54 students from National University of Singapore’s Yong Loo Lin School of Medicine (NUS YLL), Nanyang Technological University’s Lee Kong Chian School of Medicine (LKCMedicine) and Duke-NUS Medical School (Duke-NUS) responded to the call to participate in the focus groups, with 18 students coming from each school. 28 of them (52%) were in their first or second year of study where the predominance of teaching is theoretical with some practical exposure. The remainder of students (48%), who were in their third, fourth or fifth year of medical (Duke-NUS programme is four years) undergo rotations at hospitals and clinics affiliated with their schools. The medical students’ ages ranged from 18 to 35, with students from Duke-NUS being generally older than NUS and LKCMedicine students since it is a graduate medical school. 31 of them (57.4%) were males and the rest, females (42.6%). Thirteen students (24%) expressed some interest in pursuing a career in primary care, but it was not necessarily their top choice of career. The career options attracting greater interest included paediatrics, emergency medicine and obstetrics and gynaecology. In total, 15 key themes emerged from the discussions, 10 of which reflected key concerns of pursuing a primary care career whereas 5 others highlighted the positive aspects of primary care as a career.
MAIN CONCERNS OF PURSUING A CAREER IN PRIMARY CARE
Perceptions of primary care professions as sub-standards
The non-recognition of General Practice and Family Medicine as a specialty appeared to be a key factor in career choice; without specialty status, it lacked prestige, a perception that was also common amongst friends and society.
From the general feel, talking to people, it doesn’t seem like it’s a very popular choice, and when non-medical friends ask questions like, so what specialty do you want to do in the future? It’s never what do you want to do in the future, it’s what specialty. So, it sort of gets ingrained in the process. (1-1-04)
I feel like the society’s perception about Family Medicine is affecting our perception of it… some of the students may think: Society expects me to be a great surgeon from a very big general hospital; a chief surgeon is very great. But we spend the same effort, we spend the same tuition fee and we become a family medicine doctor. How do we think about that? It’s not that cool maybe. (2-1-03)
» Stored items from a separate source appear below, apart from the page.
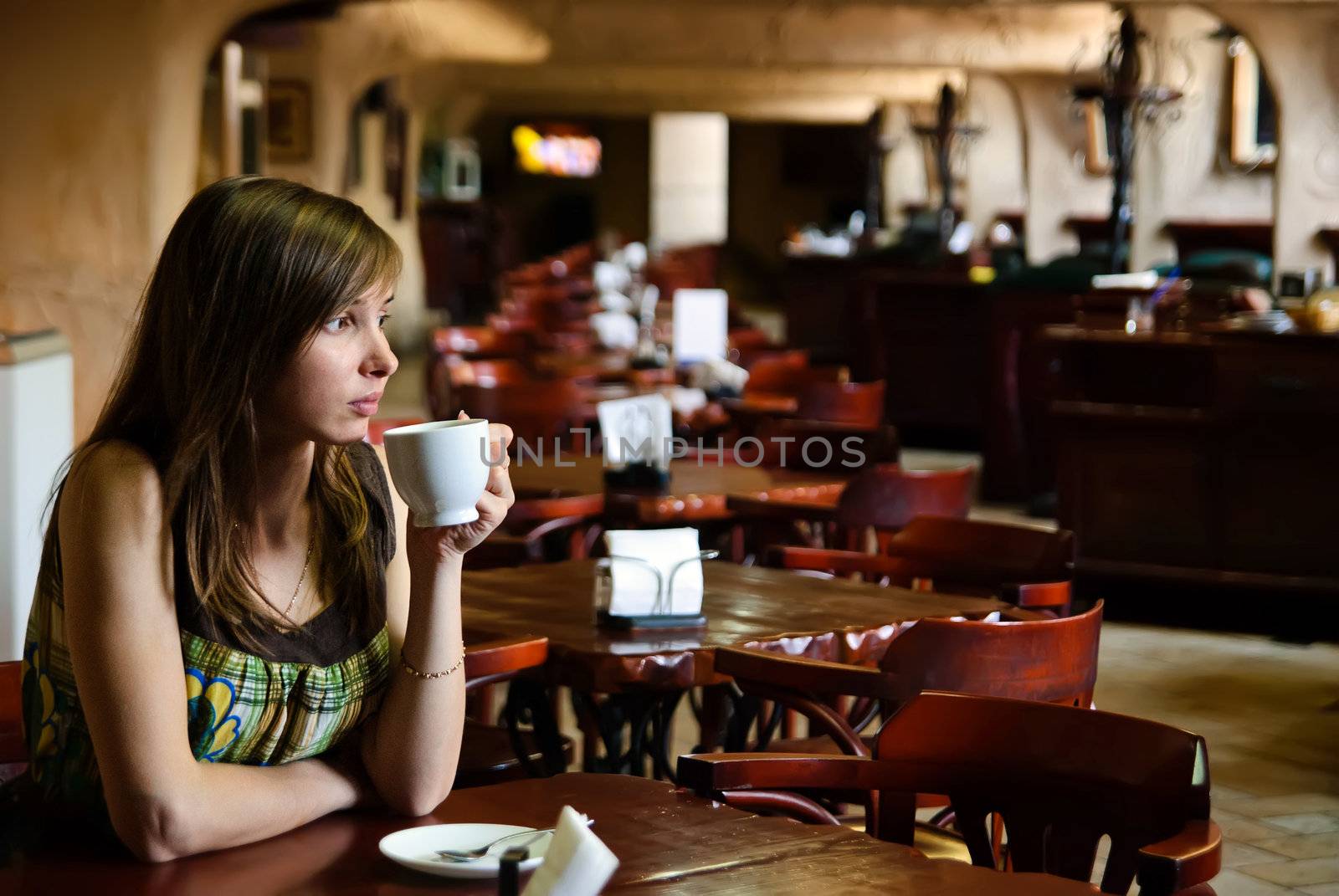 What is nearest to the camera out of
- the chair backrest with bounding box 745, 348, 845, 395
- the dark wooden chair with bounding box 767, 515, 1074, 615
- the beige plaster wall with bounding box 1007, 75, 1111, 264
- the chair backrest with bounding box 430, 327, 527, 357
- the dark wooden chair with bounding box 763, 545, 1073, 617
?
the dark wooden chair with bounding box 763, 545, 1073, 617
Other students perceive a career in this field of medicine as a failure, an inevitable outcome if not accepted into a specialty training. The excerpts below are representative of the views of most students:
If I have no choice, maybe. Meaning, if I get rejected, then yeah. My interest is low in that subject. (1-1-01)
We all definitely have achieved a lot in our lives so far to be able to get into med school, and none of us want to stop here, and there is a general feeling that if I don't get into a specialty, if I end up in Family Medicine, I have not achieved. (2-2-09)
Just in the communities, there is an unspoken thing that the people doing Family Medicine didn't do so well and they’ve had to settle for it. So, for me, the stigma is one of the things that pushes me, drives me away… we also enjoy medicine because of the pride thing. There is a prestige to being a doctor as well. (1-2-07)
Specialists’ negative attitudes towards family doctors
Disparaging remarks from specialists that careers in primary care are not as prestigious as specialist careers have largely influenced the students’ career choices as well. During hospital postings, specialists spoke in condescending terms about the effectiveness and quality of doctors working in primary care, which have left a poor impression on students. The excerpts below highlight this sentiment:
Before I went to my surgery rotation, I was actually quite interested in Family Medicine. Then during a surgery rotation, all the surgeons were telling me, oh, look at what I can do to the patient. If you’re in Family Medicine, you can’t do this. And actually, that has made me not as inclined to Family Medicine because I realise that a lot of problems that the patients present with, I might not be able to do something. (2-2-06)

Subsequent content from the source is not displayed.